**Given data:**
++++++++++++++++++++
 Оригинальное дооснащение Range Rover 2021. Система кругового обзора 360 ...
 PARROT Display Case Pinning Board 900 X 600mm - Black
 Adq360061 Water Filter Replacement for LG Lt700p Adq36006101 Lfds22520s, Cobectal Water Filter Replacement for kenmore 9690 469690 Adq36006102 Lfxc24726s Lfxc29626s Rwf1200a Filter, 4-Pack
++++++++++++++++++++
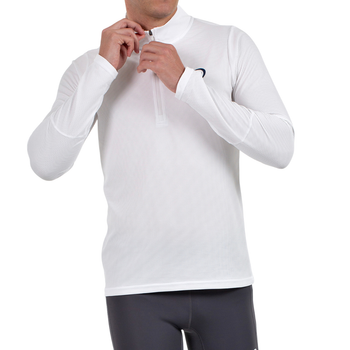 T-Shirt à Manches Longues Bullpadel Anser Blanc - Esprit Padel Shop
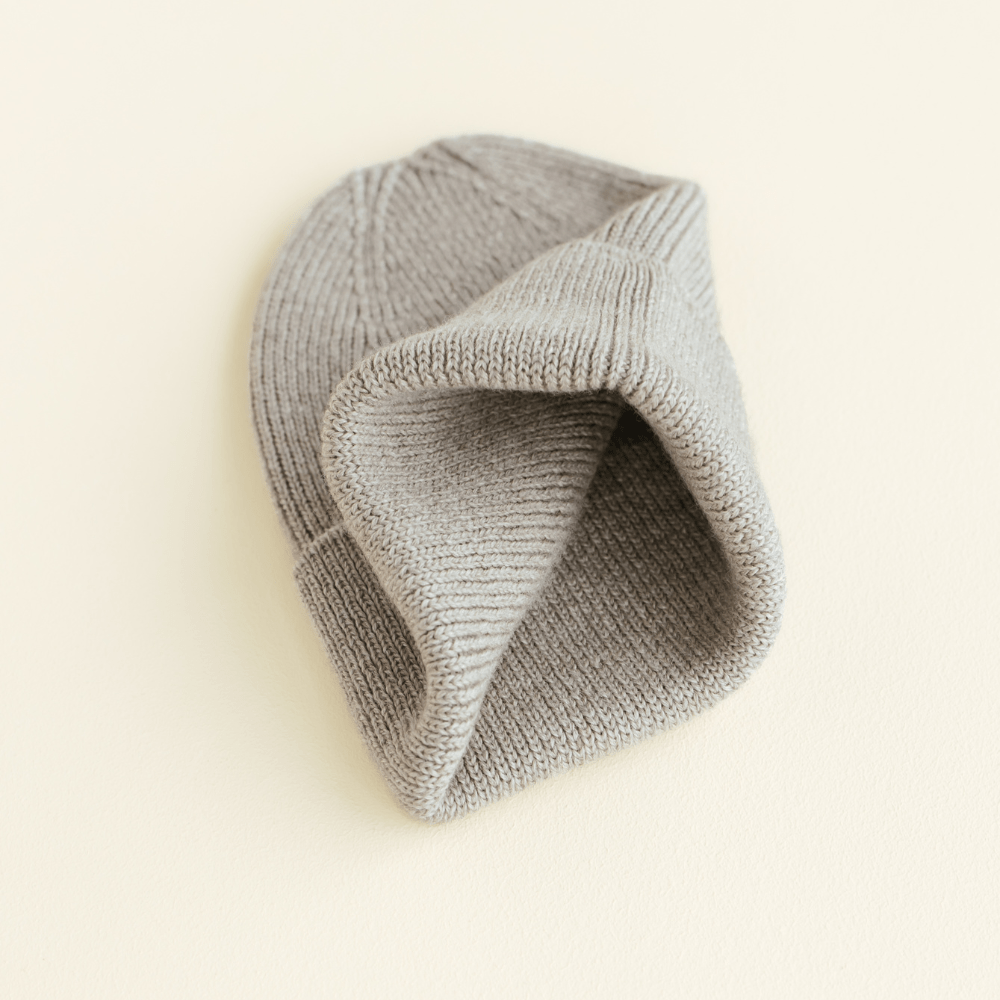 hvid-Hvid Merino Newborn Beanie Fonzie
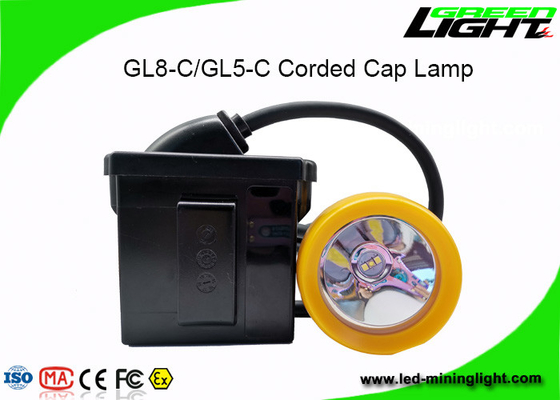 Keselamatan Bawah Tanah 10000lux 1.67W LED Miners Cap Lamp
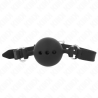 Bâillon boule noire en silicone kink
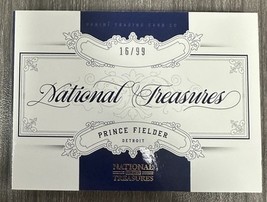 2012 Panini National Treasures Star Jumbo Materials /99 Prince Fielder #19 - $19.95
++++++++++++++++++++
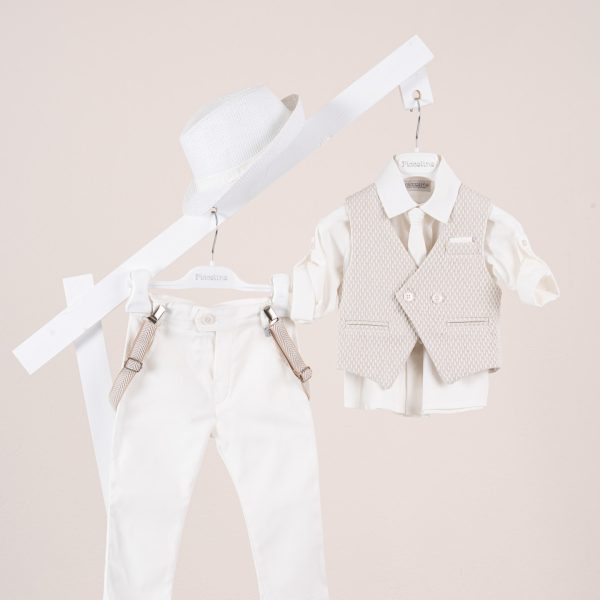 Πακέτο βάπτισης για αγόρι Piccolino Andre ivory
++++++++++++++++++++
**Your objective:**
Word for word, repeat the lines above from the one with "hvid-Hvid Merino Newborn Beanie Fonzie" through the one with "2012 Panini National", and nothing beyond them. Omit the pictures.

**Task result:**
 hvid-Hvid Merino Newborn Beanie Fonzie
 Keselamatan Bawah Tanah 10000lux 1.67W LED Miners Cap Lamp
 Bâillon boule noire en silicone kink
 2012 Panini National Treasures Star Jumbo Materials /99 Prince Fielder #19 - $19.95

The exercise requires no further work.